Na segunda parte temos múltiplas narrativas ao estilo de memórias, desde muito curtas a mais extensas, por vezes são quase contos autónomos. Nestas temos episódios de vida dos diversos membros reais visceralistas ou de gente que esteve em contacto com Belano e Lima. Relatos que vão de 1976 a 1996 e além de mostrarem o estilo de vida de sexo livre, álcool e drogas de muitos das personagens envolvidas, evidencia a busca do grupo em descobrir quem foi Cesárea e a sua obra desaparecida. Entretanto, vai-se montando, de um modo mais ou menos caótico, a biografia daqueles dois líderes e poetas não aceites pela escolas artísticas estabelecidas e, muitas vezes, em confronto com a própria lei. É evidente que Arturo Belano é um alter ego do autor, pois, conhecida a biografia de Bolaño, verifica-se ao longo da narrativa que estes dois são ambos chilenos de esquerda, refugiados no México devido a Pinochet, procuram mudar a literatura, vivem com dificuldades e estabelecem-se mais tarde em Barcelona onde têm família. Talvez muitas das memórias expostas mais não sejam que retratos do que foi a vida de muitos jovens próximos do autor e algumas personagens e referências na obra são escritores e artistas consagrados que se misturam com outros ficcionados no livro.

A terceira parte, retoma novamente o diário de Garcia Madero, com a continuação da fuga na passagem para o ano de 1976, a que se associa uma busca para encontrar Cesárea Tinajero pela região desértica de Sonora, enquanto são perseguidos por inimigos que tentam recapturar a fugitiva que retiraram ao explorador desta, isto numa viagem e investigação que dura cerca de um mês e com um final surpreendente.

A escrita é muito cativante, com um estilo fácil de leitura, mas verifica-se que é muto cuidada, mesmo quando segue a forma do falar diário banal e nas memórias, onde por vezes se adequa a forma ao tipo de personagem que a narra, culto em várias áreas ou cidadão comum. Bolaño faz uso de vocábulos grosseiros, sobretudo de cariz sexual, e relatos explícitos das relações íntimas sem se ater perante as várias orientações das personagens, o que pode ferir certos leitores mais pudicos ou preconceituosos, mas faz um retrato cru e, provavelmente, realista do grupo constituído pelos artistas e jovens de esquerda latinoamericanos de língua hispânica que se exilou na cidade do México e em Barcelona na década de 1970 por razões políticas e das suas ligações com as gentes destas cidades e a outras partes do mundo.
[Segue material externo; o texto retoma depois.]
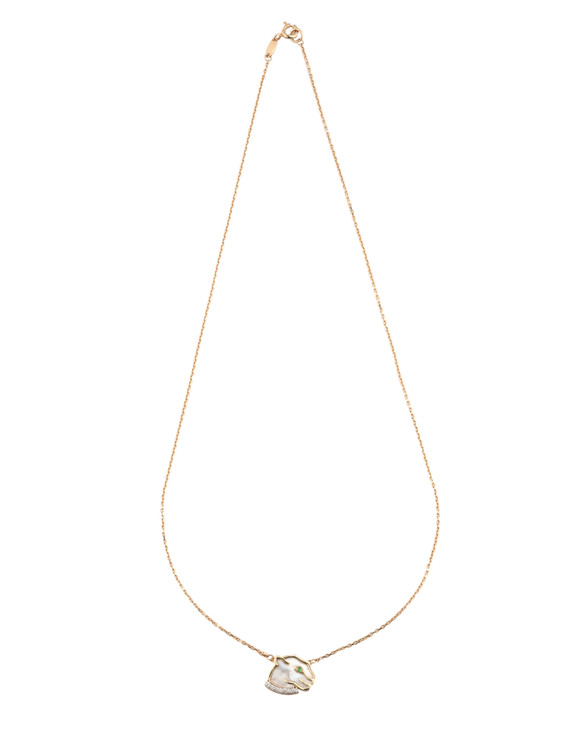 Колье из золота c бриллиантами, изумрудом и перламутром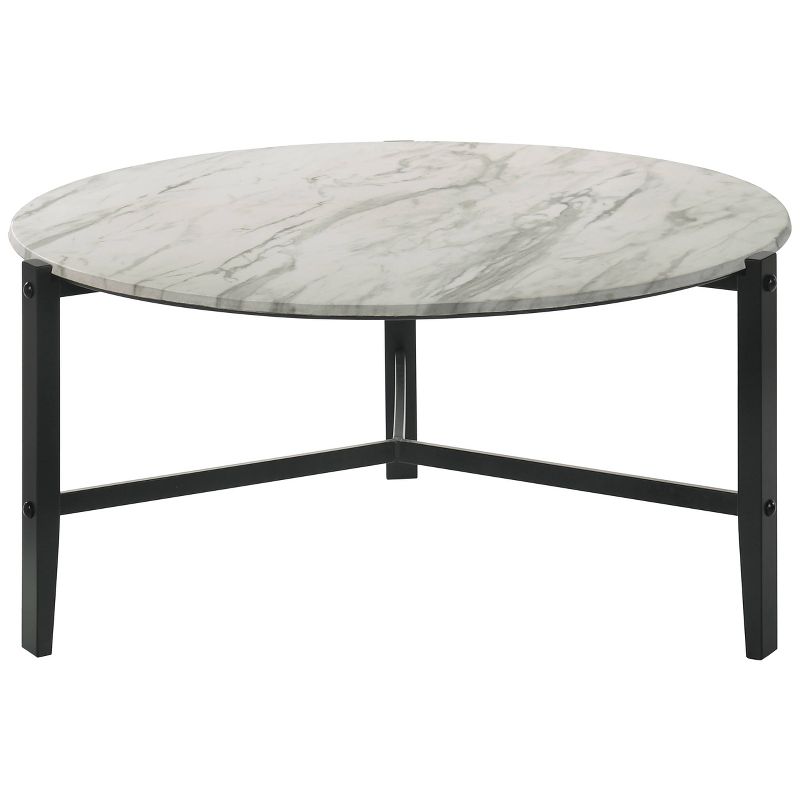 Tandi Round Coffee Table with Faux Marble Top White/Black - Coaster, 5 of 11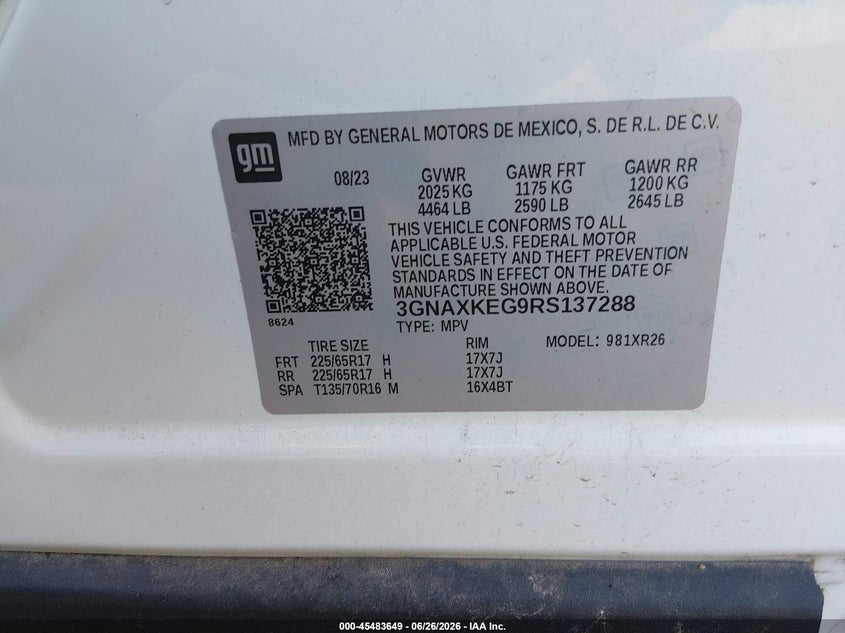 2024 Chevrolet Equinox VIN 3GNAXKEG9RS137288 IAAI salvage auction — REAR END, Salvage (Tennessee), sold $2,850 on 2026-07-26 (photo 9)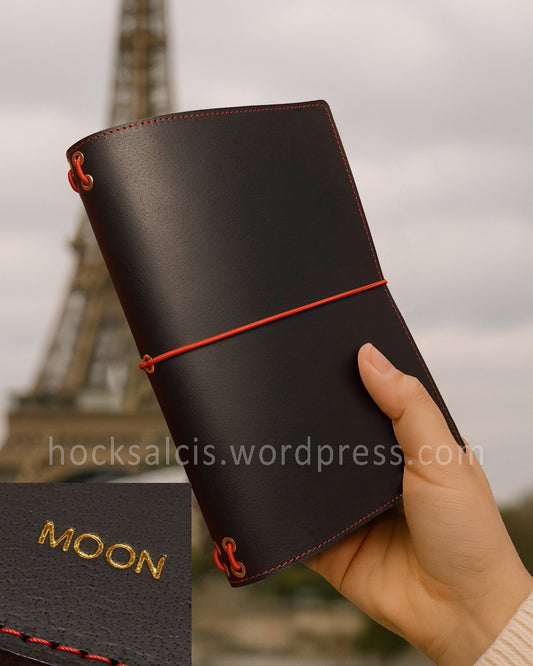 Custom personalised travelers notebook full grain leather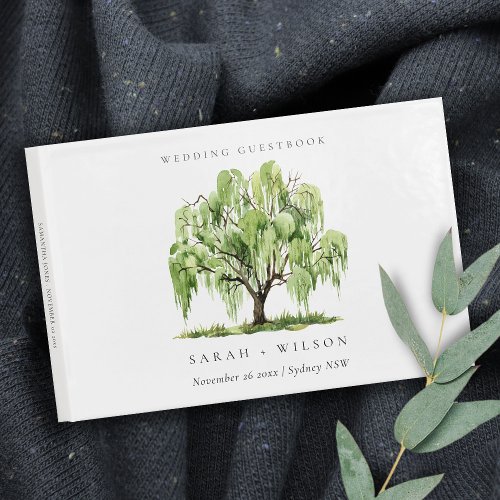 Green Watercolor Willow Tree Farm Wedding Guest Book
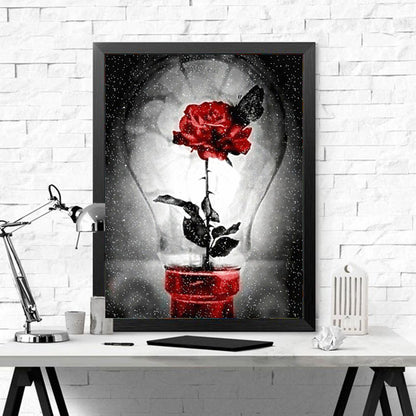 Red Rose Diamond Painting Full Of Diamonds DIY Handmade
Gostei da obra, é efetivamente original e mostra todo um universo hispânico, contudo, não deixa de ser um romance extenso com partes mais ou menos vivas, mas todas cheias da força da capacidade narrativa que era o forte deste escritor.

3 comentários:

Teresa Palmira Hoffbauer disse...

Tenho nas mãos o único romance de ROBERTO BOLAÑO que faz parte da minha biblioteca „Stern in der Ferne“.
A análise literária do Carlos deixou-me curiosa.

Pedrita disse...

ainda não li nada dele. beijos, pedrita

Carlos Faria disse...

Teresa
Que eu saiba esse é uma crítica mórbida ao regime de Pinochet, pela trama será uma obra muito diferente desta e de 2666 onde a ficção é o cerne do tema, mas deve valer ao menos para conhecer a sua escrita.

Pedrita
Bolaño é uma referência da literatura latinoamericana no final do século XX em castelhano e mostra mais uma vez como esta língua tem uma pujança revolucionária e criativa nesse continente no mundo literário, por isso deu tantos nomes universais e prémios Nobel.